(Crawled caption data)
○ ○ ○ ○

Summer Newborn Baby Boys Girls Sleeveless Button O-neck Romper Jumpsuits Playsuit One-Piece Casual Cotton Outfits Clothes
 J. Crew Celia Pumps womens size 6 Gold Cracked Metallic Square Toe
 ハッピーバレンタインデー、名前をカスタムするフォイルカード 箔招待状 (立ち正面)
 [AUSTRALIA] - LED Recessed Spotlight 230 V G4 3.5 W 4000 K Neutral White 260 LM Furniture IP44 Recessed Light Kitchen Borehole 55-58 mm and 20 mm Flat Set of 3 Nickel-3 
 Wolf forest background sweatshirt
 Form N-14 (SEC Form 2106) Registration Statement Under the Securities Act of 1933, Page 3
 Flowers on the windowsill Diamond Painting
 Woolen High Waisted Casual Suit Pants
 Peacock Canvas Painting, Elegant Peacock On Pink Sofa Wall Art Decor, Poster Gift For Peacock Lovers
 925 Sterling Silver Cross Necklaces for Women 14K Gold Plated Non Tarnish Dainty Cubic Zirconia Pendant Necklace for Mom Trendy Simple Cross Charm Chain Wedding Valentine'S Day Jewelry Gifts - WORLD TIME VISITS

○ ○ ○ ○

- [PROBLEM TO WORK ON]:
Every line above from the line with "ハッピーバレンタインデー、名前をカスタムするフォイルカード 箔招待状 (立ち正面)" to the line with "Wolf forest background sweatshirt", inclusive, must be returned exactly; no other line belongs in the reply.

- [RESPONSE FOR THIS EXERCISE]:
 ハッピーバレンタインデー、名前をカスタムするフォイルカード 箔招待状 (立ち正面)
 [AUSTRALIA] - LED Recessed Spotlight 230 V G4 3.5 W 4000 K Neutral White 260 LM Furniture IP44 Recessed Light Kitchen Borehole 55-58 mm and 20 mm Flat Set of 3 Nickel-3 
 Wolf forest background sweatshirt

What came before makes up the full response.